With the Scottish Government intent on bringing in a deposit return scheme for beverage retailers later on this year, how will that affect deliveries to members like ourselves based north of the border?
I wasn’t aware of the full horror of this scheme until recently. And I don’t think most people are aware. It has huge consequences, but what worries me is that local authorities may well stop collections of glass in particular and we will actually recycle less than before. All our plastic and glass bottles are currently collected at the kerb.
Yet another horrendous example of a “government” that just refuses to focus on what really matters and instead goes for attention grabbing nonsense. This is purely to pacify the Greens, whose support the SNP need to continue their relentless obsession for independence at the expense of economic and social success.
Completely agree. The leverage of the Greens is completely disproportionate. I would probably get kicked off here for saying what I really think about a couple of them.

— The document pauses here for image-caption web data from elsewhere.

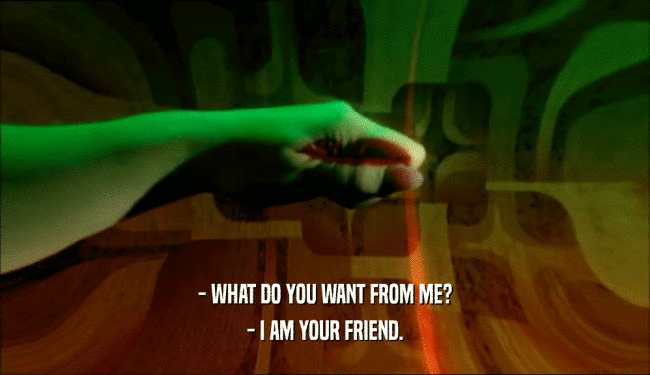 - WHAT DO YOU WANT FROM ME?
 - I AM YOUR FRIEND.
 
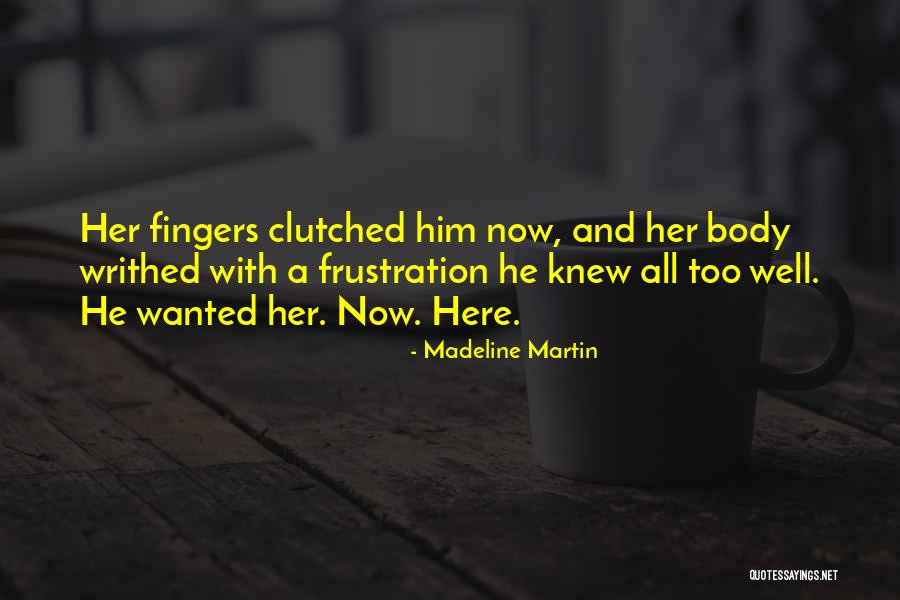 Madeline Martin Quotes 1836230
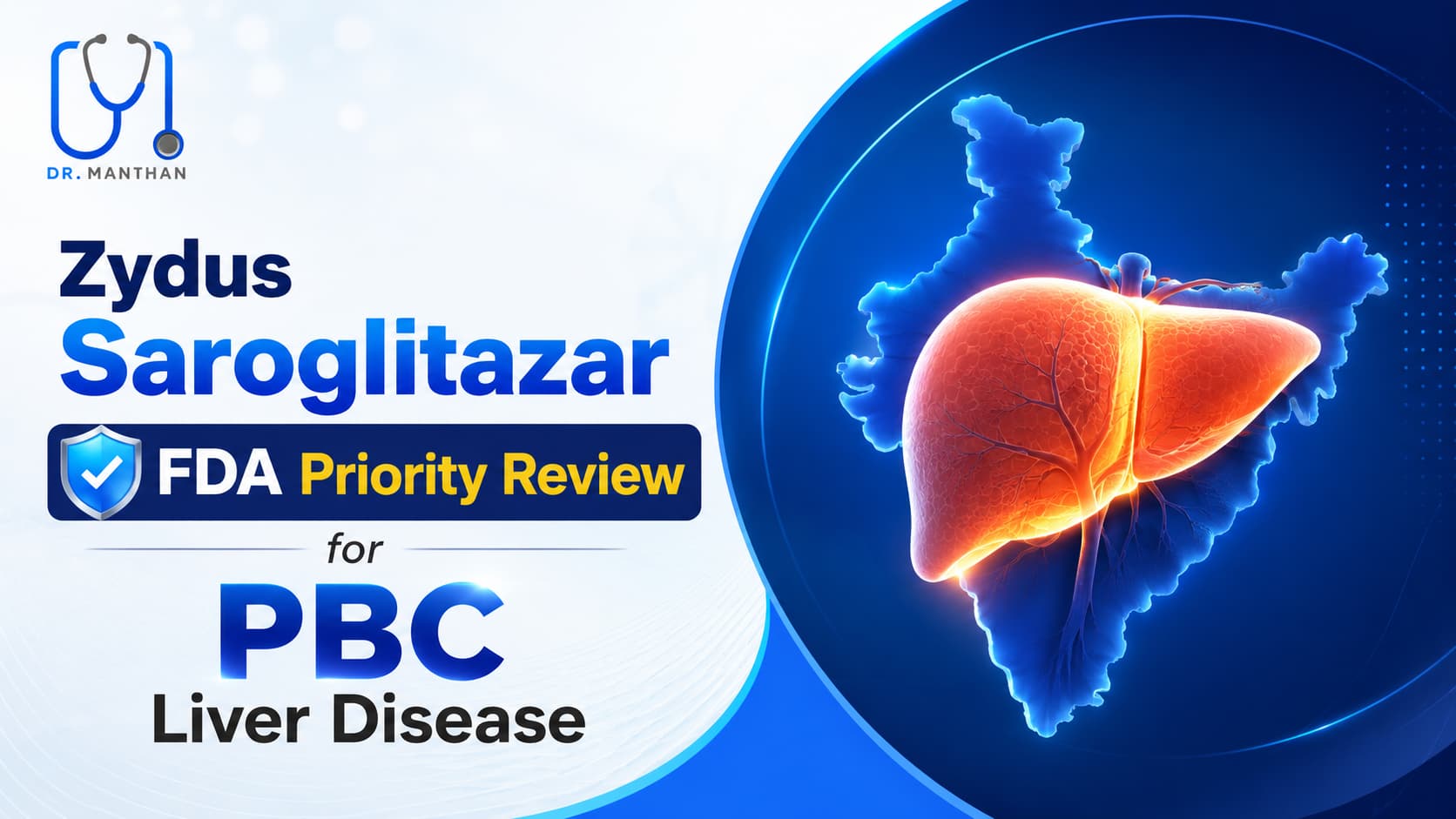 Zydus Saroglitazar FDA Priority Review for PBC Liver Disease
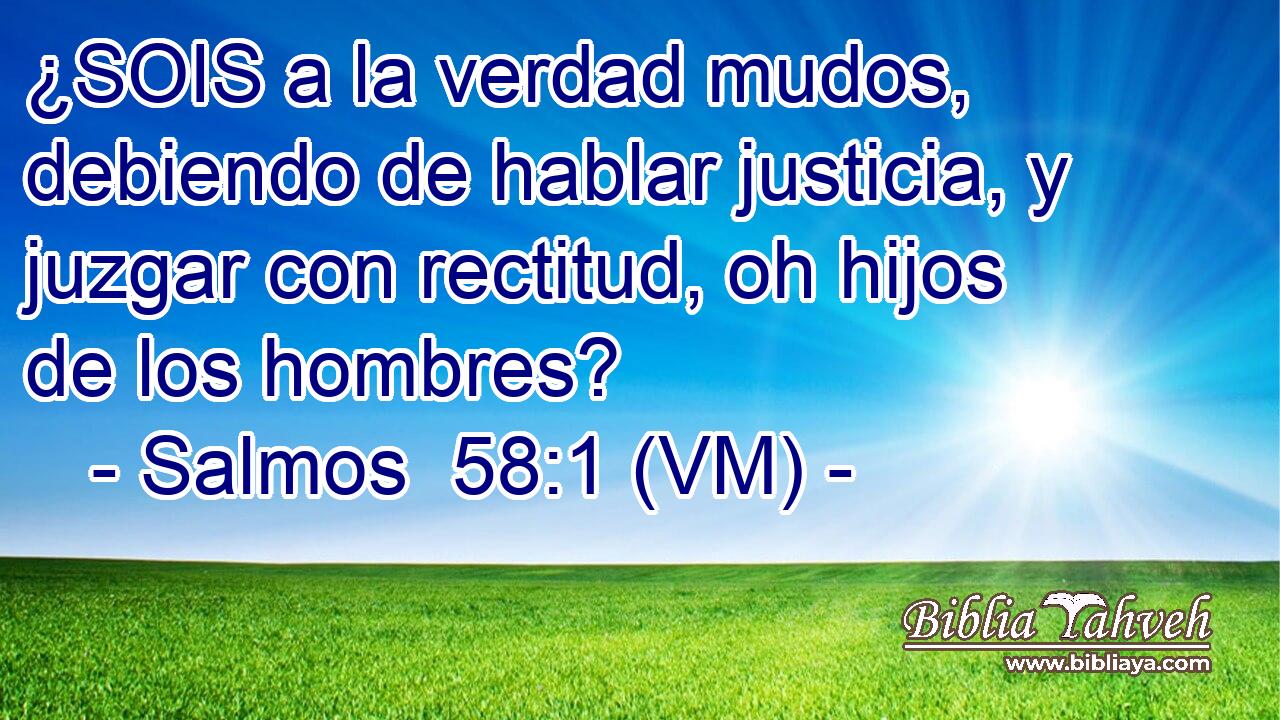  ¿SOIS a la verdad mudos, debiendo de hablar justicia, y juzgar con rectitud, oh hijos de los hombres? 
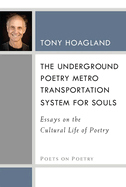 The Underground Poetry Metro Transportation System for Souls: Essays on the Cultural Life of Poetry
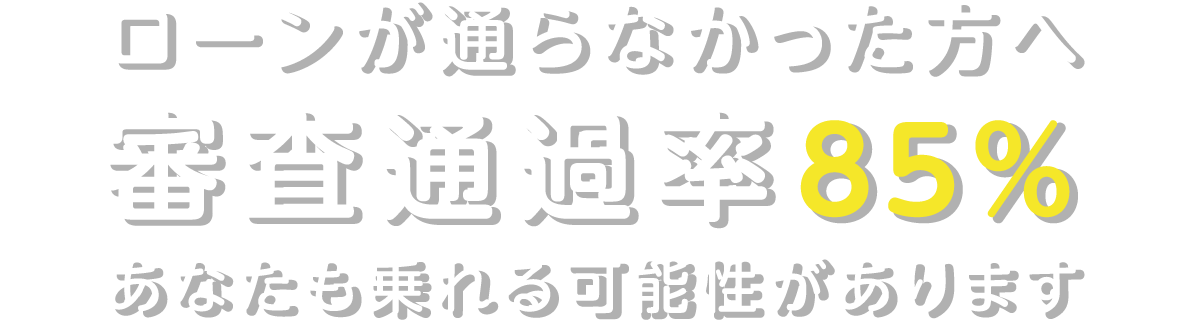 ローンが通らなかった方へ 審査通過率85% あなたも乗れる可能性があります
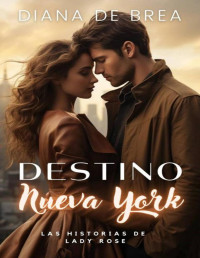 Diana de Brea & Lady Rose — Destino: Nueva York: Una historia romántica de casualidades (Spanish Edition)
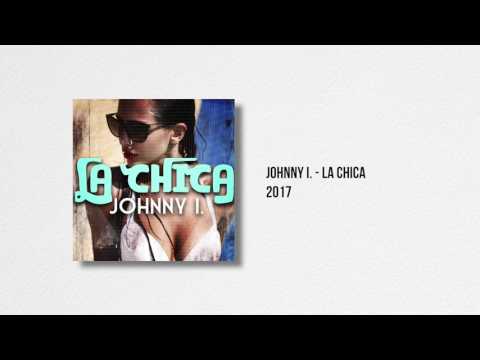 Johnny I. - La Chica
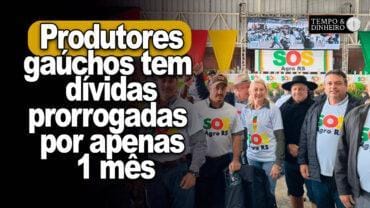 Desanimador: Produtores gaúchos tem dívidas de custeio e investimento prorrogadas por apenas 1 mês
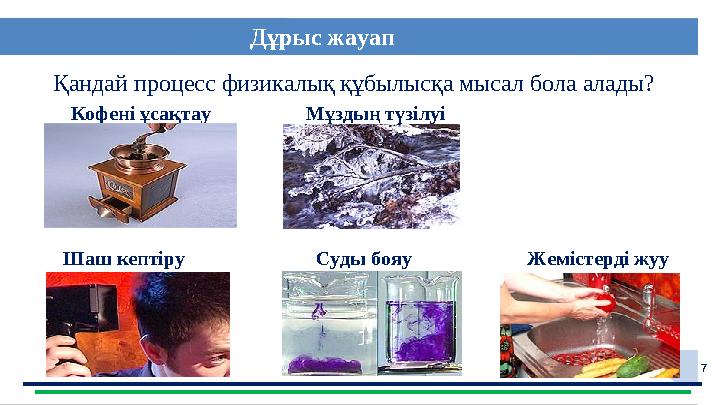 7Қандай процесс физикалық құбылысқа мысал бола алады? Кофені ұсақтау Мұздың түзілуі Шаш кептіру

SEPA should start focusing more on their core remit of keeping rivers clean etc and not allowing Scot Gov and large companies to get away with what they do currently.
Perhaps all WS members in Scotland should write to their MSPs telling them what a load of cr@p this is.

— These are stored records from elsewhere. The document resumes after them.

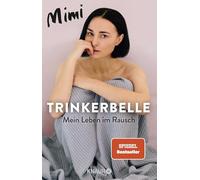 Trinkerbelle: Mein Leben im Rausch | Die SPIEGEL-Bestseller-Autorin und Entertainerin über ihre Alkohol-Sucht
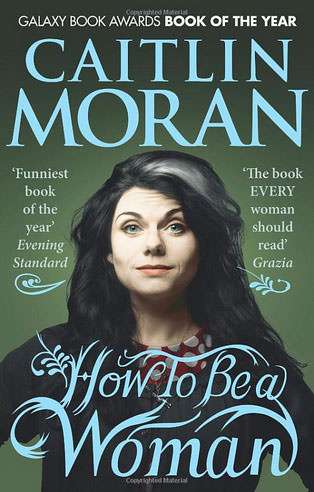 Caitlin Moran: How To Be a Woman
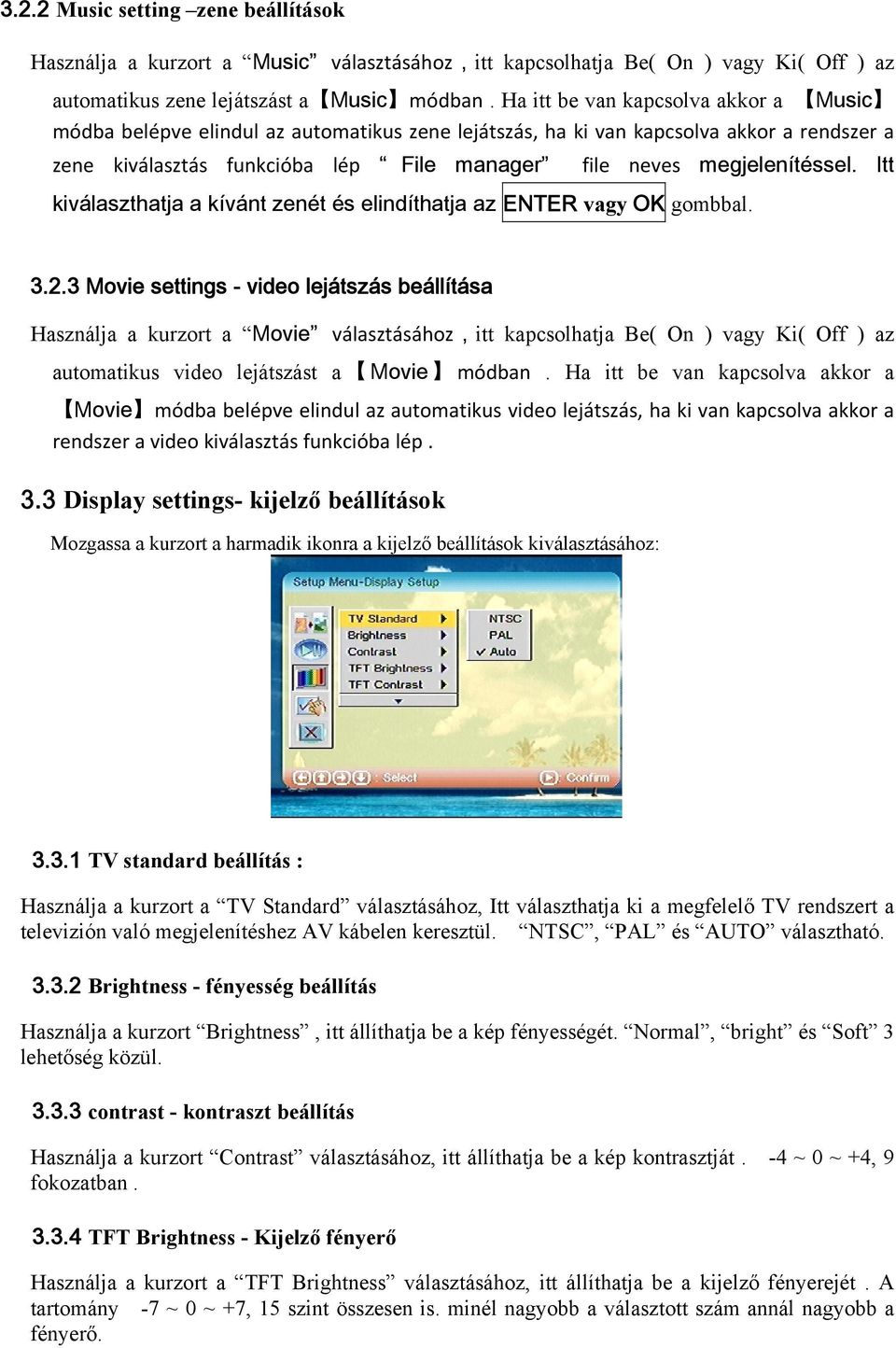 megjelenítéssel. Itt kiválaszthatja a kívánt zenét és elindíthatja az ENTER vagy OK gombbal. 3.2.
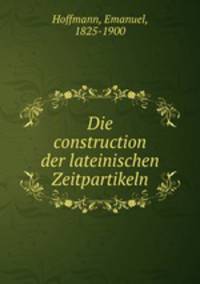 Die construction der lateinischen Zeitpartikeln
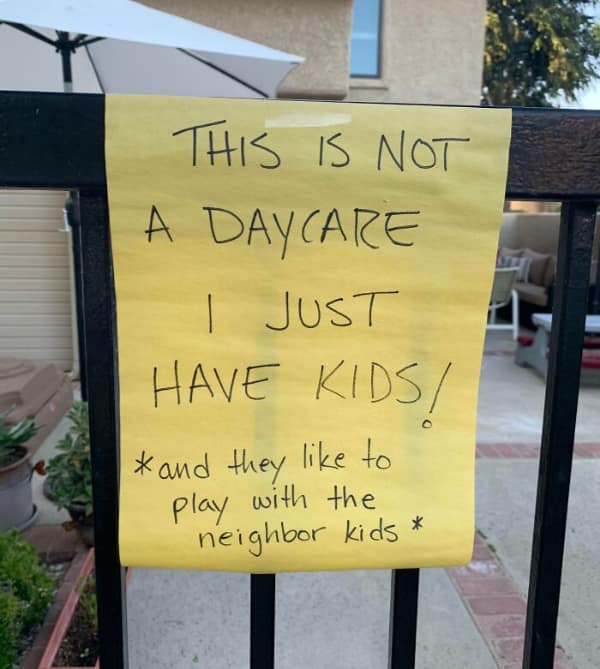 A funny passive aggressive neighbour note on a fence explaining "this is not a daycare."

One immediately obvious distortion is that people living near the Border will have another (on top of lower duty rates) immediate and clear incentive to shop south of the border. Unless of course the Wee Krankie’s Gestapo are going to search their cars every time.
I really hope that TWS and other online retailers will be putting leverage on about this. My MSP is ok, but many are just nodding donkeys who will do anything they are told.

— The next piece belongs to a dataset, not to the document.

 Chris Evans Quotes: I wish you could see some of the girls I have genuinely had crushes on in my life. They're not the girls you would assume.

To be honest I thought that mail order were not part of this plan, but as I buy wine mail order is why I am concerned our existing recycling is impacted. I live rurally and to physically take bottles back to a shop could mean driving 20+ miles for no other reason. This feels like another scheme that doesn’t realise how people outside big cities live. Sorry, but like you I would be banned if I really let loose on this!
It is utter urban centric bureaucratic rubbish. Just like most of the Greens.
I read this with incredulity:
only sell drinks to consumers in Scotland from registered producers;
**Only sell drinks to consumers in Scotland that a producer has made available for sale in Scotland;
Does this mean that every wine producer has to be registered? Or make their wines available for sale in Scotland (as opposed to Scots via online?)
Perhaps the way round it is to make the transaction a sale in England, put it fleetingly through Reserves and then just deliver it? What about someone in England who buys a gift to send to Scotland?
All because the wee neds keep throwing their litter away, but that would mean fining the core vote and we can’t have that can we?
To be fair I doubt glass recycling collection points will disappear as not all glass is from drinks and I think this new ruling only applies to drinks not jams, sauces etc. supplied in glass.
As to how it will be managed when buying in drinks from across the border, I have no idea!
I belive that at least one council has already indicated that kerbside glass recycling will no longer be economic and is being withdrawn.
Hard to believe someone senior in SEPA isn’t a TWS member and realise the consequences. Maybe I’ll suggest that my mam’s care home in Penrith becomes a delivery point for TWS so that members can hop across the border and collect their orders:thinking: I’m sure the residents can be trusted
True but it’s wine we’re interested in here !
Me neither, but as it potentially affect several thousand members, I think it would be good to get a view from TWS @TeresaGirao can you direct this to the right person?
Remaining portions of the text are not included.